These Coconut Almond Cookies are a delightful blend of ultra-thin desiccated coconut and almond flour, lightly sweetened with maple syrup and enriched with creamy coconut milk. Perfectly baked to a golden crisp, each cookie is topped with a raw almond, offering a satisfying crunch and a deliciously natural flavor. Ideal for a wholesome snack or a tea-time treat, these cookies are easy to prepare and store well in the fridge for up to four days.

Ingredients

Scale

Main Ingredients

  • 1 ¼ cup Desiccated Coconut – ultra thin, unsweetened
  • ¾ cup Almond Flour
  • 3 tablespoons Canned Coconut Milk – stir can before measuring
  • ⅓ cup Maple Syrup

Optional Ingredients

  • ¼ teaspoon Almond Extract
  • 1 pinch Salt

To Decorate

  • 10 Raw Almonds – 1 per cookie

Instructions

  1. Preheat Oven and Prepare Baking Sheet: Preheat your oven to 350 °F (180 °C). Line a baking sheet with parchment paper and lightly grease the paper with cooking oil spray to prevent sticking. Set aside.
  2. Mix Ingredients: In a mixing bowl, combine the ultra-fine desiccated coconut, almond flour, maple syrup, canned coconut milk, and any optional ingredients such as almond extract and a pinch of salt. Stir well until fully incorporated.
  3. Adjust Consistency: Check the cookie batter. It should be moist and stick together when compacted in a small cookie dough scoop or your hands. If the batter is too crumbly and dry, add a little more maple syrup. If it’s too wet, add more almond flour to ensure it holds together well.
  4. Form Cookies: Grease a small cookie dough scoop to prevent sticking. Scoop some batter, press firmly to compact it within the scoop, then release onto the prepared baking sheet. Leave about a thumb’s width of space between each cookie for even baking.
  5. Add Almond Decoration: Press each cookie gently with your palm to flatten it slightly, and at the same time, press a raw almond into the center of each cookie. If edges crumble, gently reform the shape using your fingers.
  6. Bake Cookies: Bake the cookies in the preheated oven for 12 minutes, or until they turn golden brown on top.
  7. Cool and Store: Allow the cookies to cool on the baking tray until they harden slightly. Then transfer them to a cooling rack to cool completely.

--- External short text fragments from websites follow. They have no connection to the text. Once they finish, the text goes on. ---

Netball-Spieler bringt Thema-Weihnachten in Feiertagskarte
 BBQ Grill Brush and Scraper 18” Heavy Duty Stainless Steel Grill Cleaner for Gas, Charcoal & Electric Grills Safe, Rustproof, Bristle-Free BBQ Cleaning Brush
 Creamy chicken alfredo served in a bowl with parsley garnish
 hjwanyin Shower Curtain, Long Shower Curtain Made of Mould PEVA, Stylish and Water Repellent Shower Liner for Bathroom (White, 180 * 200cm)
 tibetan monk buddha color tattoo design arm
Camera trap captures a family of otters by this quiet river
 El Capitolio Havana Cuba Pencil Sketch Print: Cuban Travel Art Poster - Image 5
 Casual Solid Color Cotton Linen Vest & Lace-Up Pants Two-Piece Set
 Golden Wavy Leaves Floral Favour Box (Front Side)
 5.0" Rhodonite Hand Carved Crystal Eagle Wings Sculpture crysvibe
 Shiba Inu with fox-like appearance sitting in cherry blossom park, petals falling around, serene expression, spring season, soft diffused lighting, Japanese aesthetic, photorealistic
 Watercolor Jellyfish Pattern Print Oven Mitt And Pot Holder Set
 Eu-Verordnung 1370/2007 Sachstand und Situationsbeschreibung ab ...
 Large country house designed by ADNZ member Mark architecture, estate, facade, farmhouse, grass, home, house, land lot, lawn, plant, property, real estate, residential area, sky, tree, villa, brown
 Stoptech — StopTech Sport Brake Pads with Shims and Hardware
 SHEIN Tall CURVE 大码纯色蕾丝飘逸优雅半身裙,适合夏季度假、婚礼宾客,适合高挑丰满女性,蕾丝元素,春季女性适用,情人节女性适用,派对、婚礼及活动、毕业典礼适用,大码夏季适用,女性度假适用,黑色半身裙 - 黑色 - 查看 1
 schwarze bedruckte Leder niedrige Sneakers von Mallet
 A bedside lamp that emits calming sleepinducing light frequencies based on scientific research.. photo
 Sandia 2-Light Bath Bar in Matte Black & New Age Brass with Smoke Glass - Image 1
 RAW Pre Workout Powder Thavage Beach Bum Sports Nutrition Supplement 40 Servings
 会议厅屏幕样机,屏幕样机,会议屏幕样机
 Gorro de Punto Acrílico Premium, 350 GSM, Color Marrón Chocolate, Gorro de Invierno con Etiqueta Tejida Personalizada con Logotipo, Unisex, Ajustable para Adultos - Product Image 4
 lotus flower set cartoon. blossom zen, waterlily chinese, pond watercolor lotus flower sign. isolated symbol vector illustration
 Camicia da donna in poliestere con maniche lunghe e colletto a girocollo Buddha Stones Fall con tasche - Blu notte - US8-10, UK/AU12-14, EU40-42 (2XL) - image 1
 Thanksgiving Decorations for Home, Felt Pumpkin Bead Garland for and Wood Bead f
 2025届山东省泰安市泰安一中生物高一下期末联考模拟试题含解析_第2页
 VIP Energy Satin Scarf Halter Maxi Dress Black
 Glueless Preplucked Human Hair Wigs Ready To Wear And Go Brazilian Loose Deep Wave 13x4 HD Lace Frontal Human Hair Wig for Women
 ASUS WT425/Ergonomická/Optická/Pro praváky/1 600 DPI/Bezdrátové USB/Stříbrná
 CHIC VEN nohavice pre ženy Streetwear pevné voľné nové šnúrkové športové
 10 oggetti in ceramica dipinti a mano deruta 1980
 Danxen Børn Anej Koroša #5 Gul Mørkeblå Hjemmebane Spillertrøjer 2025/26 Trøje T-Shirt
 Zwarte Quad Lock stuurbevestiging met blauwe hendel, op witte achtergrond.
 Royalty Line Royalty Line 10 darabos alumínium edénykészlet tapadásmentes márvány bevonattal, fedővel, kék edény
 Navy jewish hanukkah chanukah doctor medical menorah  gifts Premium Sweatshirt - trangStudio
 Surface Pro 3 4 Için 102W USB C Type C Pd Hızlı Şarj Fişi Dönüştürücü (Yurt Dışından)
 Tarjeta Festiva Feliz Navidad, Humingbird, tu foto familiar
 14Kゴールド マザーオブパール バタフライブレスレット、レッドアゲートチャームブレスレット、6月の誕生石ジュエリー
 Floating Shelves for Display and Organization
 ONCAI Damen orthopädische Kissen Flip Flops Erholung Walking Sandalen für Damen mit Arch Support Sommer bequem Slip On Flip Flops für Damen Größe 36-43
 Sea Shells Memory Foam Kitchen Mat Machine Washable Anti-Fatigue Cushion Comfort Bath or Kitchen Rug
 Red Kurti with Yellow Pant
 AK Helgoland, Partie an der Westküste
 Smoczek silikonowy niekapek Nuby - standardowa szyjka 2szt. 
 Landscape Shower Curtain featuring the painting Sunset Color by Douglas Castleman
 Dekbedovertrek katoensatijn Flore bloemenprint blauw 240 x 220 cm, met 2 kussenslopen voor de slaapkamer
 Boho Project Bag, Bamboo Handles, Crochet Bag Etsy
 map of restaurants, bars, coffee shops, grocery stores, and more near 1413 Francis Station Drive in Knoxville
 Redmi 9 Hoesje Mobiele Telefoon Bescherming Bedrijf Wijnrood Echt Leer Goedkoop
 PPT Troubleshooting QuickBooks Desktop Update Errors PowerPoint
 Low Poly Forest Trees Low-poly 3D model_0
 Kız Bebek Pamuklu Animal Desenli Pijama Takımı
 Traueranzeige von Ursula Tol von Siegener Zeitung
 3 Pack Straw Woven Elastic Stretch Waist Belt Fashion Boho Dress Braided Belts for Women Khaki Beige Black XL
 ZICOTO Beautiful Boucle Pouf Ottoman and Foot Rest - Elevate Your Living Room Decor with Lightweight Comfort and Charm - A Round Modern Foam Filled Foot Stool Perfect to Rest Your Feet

Store the cookies in an airtight container in the fridge for up to 4 days.

Notes

  • Make sure to use ultra-thin, unsweetened desiccated coconut for the best texture and natural flavor.
  • Stir the canned coconut milk well before measuring to ensure even consistency.
  • Adjust the sweetness by varying the amount of maple syrup according to your taste preferences.
  • Greasing the cookie scoop helps shape the batter smoothly and prevents sticking.
  • Cookies can be stored in the fridge up to 4 days; allow them to come to room temperature before serving for best taste.
  • You can substitute raw almonds for decoration with other nuts or seeds if preferred.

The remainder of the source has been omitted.